Although neither of them formally studied jewelry design, British modern designers David Watkins and his life-long partner Wendy Ramshaw pushed the boundaries of jewelry in the early 1960s. The couple first collaborated on “Optik,” Op Art-inspired jewelry made from screen-printed Perspex, alongside self-assembly paper jewelry, which caught the attention of the media after the model Twiggy was photographed wearing their pyramid-shaped paper earrings. While Watkins and Ramshaw embarked on their own independent careers as studio jewelers after the 1970s, they revisited the “flat pack” paper jewelry in 2000 with their book The Paper Jewelry Collection: Easy To Wear and Ready To Make Pop Out Artwear.
Ramshaw’s revolutionary and artistic designs include her seminal Picasso’s Ladies series. For a period of over ten years, she made sixty-six individual jewels that responded to Picasso’s depictions of the women in his life. However, Requiem Necklace for Guernica is not representative of a lover or muse, but of Picasso’s mural after the German bombing of the Basque town of Guernica in the north of Spain. As Ramshaw herself explained, this piece is a “universal requiem not only for the women of Guernica but for all women.” A delicate web of wires is hung in disorder within a brass frame, with garnets that signify the drops of blood shed in the war.

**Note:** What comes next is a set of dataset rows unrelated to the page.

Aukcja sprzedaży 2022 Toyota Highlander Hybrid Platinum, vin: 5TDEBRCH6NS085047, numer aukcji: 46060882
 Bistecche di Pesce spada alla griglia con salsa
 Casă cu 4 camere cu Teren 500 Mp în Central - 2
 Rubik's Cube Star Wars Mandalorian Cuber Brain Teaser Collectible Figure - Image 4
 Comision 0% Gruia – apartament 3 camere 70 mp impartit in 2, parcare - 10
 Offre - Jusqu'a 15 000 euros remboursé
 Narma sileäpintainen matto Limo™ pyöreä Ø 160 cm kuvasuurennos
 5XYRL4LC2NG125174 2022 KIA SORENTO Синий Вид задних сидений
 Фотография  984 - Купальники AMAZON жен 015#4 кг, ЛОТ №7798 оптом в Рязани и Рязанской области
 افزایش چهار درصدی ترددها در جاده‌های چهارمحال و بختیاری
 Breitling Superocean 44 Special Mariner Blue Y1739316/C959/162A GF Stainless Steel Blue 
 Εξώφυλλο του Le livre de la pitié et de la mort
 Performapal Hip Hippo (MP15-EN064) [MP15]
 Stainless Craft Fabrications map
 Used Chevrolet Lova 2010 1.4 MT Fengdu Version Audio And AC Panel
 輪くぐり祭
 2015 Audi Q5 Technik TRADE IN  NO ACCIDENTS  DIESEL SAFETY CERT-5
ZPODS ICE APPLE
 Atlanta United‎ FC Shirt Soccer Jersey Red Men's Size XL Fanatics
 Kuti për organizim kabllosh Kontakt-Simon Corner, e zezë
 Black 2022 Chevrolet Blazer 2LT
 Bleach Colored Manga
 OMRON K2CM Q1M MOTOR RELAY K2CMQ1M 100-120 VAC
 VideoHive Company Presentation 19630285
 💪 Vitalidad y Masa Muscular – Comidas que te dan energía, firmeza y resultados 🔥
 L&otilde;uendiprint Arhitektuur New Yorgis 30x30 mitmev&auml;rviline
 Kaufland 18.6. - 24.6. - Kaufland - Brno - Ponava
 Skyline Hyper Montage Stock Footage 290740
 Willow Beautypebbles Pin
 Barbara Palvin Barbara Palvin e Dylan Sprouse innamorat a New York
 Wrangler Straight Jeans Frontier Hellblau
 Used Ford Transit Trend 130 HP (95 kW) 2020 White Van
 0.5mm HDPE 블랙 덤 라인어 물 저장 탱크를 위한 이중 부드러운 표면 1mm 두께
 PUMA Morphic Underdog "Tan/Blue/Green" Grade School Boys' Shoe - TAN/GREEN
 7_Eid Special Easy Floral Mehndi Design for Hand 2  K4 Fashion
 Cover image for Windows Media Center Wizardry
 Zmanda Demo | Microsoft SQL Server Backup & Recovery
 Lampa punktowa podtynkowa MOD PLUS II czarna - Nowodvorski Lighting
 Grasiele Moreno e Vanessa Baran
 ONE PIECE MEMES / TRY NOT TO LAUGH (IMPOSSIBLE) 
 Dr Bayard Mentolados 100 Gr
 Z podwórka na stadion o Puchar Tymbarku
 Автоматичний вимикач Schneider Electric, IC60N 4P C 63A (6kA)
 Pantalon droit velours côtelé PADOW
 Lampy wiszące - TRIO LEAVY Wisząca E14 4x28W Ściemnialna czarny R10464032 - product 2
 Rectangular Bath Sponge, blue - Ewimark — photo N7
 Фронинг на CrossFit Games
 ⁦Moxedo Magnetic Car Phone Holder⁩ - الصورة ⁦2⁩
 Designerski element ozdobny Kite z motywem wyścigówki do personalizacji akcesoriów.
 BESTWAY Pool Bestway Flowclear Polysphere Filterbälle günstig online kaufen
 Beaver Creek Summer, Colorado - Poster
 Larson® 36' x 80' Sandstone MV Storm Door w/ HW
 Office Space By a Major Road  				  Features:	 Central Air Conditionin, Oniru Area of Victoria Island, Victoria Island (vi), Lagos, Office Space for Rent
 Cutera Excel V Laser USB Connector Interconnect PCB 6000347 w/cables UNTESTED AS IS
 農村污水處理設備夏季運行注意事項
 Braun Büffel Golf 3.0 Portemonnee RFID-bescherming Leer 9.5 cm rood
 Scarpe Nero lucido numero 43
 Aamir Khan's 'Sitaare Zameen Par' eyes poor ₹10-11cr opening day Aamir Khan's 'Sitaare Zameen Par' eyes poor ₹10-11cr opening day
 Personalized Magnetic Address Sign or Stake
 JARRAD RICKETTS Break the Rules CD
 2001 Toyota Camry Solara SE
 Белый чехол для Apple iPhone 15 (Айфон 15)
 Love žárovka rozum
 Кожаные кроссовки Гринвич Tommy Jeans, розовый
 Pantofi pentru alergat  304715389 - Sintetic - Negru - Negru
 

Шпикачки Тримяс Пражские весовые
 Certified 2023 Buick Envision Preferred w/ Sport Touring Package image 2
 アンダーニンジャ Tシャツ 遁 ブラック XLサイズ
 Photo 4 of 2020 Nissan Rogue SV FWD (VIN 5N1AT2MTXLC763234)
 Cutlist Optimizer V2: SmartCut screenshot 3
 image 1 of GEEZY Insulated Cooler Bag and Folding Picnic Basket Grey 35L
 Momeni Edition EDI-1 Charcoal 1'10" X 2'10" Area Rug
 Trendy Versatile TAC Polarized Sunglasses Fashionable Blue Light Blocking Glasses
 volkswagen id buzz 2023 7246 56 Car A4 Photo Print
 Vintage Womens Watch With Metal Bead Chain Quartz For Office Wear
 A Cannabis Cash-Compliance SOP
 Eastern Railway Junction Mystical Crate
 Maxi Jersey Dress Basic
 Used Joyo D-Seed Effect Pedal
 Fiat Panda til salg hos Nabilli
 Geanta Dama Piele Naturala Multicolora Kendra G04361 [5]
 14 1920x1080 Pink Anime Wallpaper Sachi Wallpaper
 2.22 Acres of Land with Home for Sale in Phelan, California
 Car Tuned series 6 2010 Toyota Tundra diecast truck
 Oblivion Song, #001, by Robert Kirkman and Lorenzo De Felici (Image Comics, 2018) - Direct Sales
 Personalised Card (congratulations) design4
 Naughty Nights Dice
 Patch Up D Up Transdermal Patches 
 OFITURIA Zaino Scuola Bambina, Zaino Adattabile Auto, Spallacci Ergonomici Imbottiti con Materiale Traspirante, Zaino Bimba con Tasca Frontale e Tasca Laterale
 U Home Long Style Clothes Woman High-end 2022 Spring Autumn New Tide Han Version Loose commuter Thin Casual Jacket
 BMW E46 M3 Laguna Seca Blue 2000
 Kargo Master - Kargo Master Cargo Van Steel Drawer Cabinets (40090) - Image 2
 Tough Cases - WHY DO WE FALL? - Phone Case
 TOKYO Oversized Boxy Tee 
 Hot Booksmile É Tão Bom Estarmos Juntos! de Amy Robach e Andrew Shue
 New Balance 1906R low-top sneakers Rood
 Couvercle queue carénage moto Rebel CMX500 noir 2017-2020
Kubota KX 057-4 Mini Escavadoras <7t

Both Ramshaw and Watkins explored a wide range of inexpensive and unusual materials in their modernist designs, though Watkins’ jewelry is sculptural in a different way. His Wing-Wave 2 neckpiece is a good example of his minimalist and structured work. His music and sculpture backgrounds reunite in this jewel of abstract, yet universal forms, rhythmic lines, vibrant colors, and innovative synthetic material.